In Honored Glory!
World War II Honor Roll

Frank Mastantuano

Seaman, Second Class, U.S. Navy


U.S.S. Saucy PG-65

Entered the Service from: New Jersey
Died: February 26, 1945
Missing in Action or Buried at Sea
Tablets of the Missing at Cambridge American Cemetery
Cambridge, England

SEAMAN SECOND CLASS FRANK MASTANTUANO, 18, of 3506 Westfield Avenue, Camden NJ, was lost while serving aboard a destroyer in the North Atlantic, near Greenland. As a youth, he attended Cramer Junior High School, in Camden, and the Camden County Vocational & Technical School in Pennsauken NJ. He worked as an usher at the Broadway Theater in Camden, and at the Philadelphia Navy Yard prior to enlisting in the Navy on March 30, of 1944. After completing his basic training he was assigned to a corvette, U.S.S. Saucy PG-65, joining the ship's crew on August 18, 1944.  

USS Saucy began her career in the Royal Navy as HMS Arabis, a Flower-class corvette. Originally ordered for the French Navy in the early days of the war, the ship was commissioned into the Royal Navy as HMS Arabis. She was transferred to the United States Navy in 1942, serving as USS Saucy. Returned to the United Kingdom in 1945, she was recommissioned into the Royal Navy as HMS Snapdragon.

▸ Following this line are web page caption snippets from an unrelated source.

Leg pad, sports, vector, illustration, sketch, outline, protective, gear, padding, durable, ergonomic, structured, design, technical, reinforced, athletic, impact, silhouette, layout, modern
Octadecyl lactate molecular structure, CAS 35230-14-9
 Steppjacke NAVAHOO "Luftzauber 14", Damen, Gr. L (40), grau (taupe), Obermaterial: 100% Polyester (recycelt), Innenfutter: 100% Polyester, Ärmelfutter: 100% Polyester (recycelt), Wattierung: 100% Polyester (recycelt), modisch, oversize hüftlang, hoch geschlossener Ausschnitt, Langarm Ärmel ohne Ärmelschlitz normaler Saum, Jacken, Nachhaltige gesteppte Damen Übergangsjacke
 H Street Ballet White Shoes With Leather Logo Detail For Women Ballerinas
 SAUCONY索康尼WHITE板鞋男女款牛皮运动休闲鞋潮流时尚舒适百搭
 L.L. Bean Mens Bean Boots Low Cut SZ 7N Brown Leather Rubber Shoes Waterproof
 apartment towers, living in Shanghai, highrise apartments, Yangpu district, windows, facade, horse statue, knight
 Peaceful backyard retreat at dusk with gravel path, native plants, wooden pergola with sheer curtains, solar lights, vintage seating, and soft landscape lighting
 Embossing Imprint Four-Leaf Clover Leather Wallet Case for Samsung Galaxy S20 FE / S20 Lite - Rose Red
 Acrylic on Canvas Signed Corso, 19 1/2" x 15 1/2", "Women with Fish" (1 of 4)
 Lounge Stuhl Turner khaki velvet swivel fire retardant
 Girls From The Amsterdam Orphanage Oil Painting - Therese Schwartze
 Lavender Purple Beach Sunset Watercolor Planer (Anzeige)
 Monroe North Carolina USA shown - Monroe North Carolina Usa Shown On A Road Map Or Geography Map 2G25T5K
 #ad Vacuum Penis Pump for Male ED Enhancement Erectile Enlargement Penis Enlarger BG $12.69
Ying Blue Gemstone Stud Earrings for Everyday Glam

Arabis was built at Harland & Wolff, Belfast, as part of the 1939 War Emergency Programme for the Royal Navy. One of the early Flower class corvettes, she was ordered on September 19, 1939, and laid down a month later. She was launched on February 14, 1940 and completed on April 5, 1940.

After working up, Arabis was assigned to the Western Approaches Escort Force for service as a convoy escort. In this role Arabis was engaged in all the duties performed by escort ships; protecting convoys, searching for and attacking U-boats which attacked ships in convoy, and rescuing survivors. During this period she fought in several convoy battles. In September 1940 Arabis was part of the force escorting convoy OB 216, which lost four ships and in October with OB 229 which lost two. The same month she was with the ill-fated HX 79 which lost twelve ships in a matter of hours. In May 1941 Arabis was part of the force escorting HX 126, which lost seven ships sunk, and in June with HX 133 which saw six ships sunk and one U-boat destroyed.

During her two years service in the Battle of the Atlantic Arabis escorted 47 Atlantic and 11 Gibraltar convoys, assisting in the safe passage of over 2,000 ships, though some were subsequently lost.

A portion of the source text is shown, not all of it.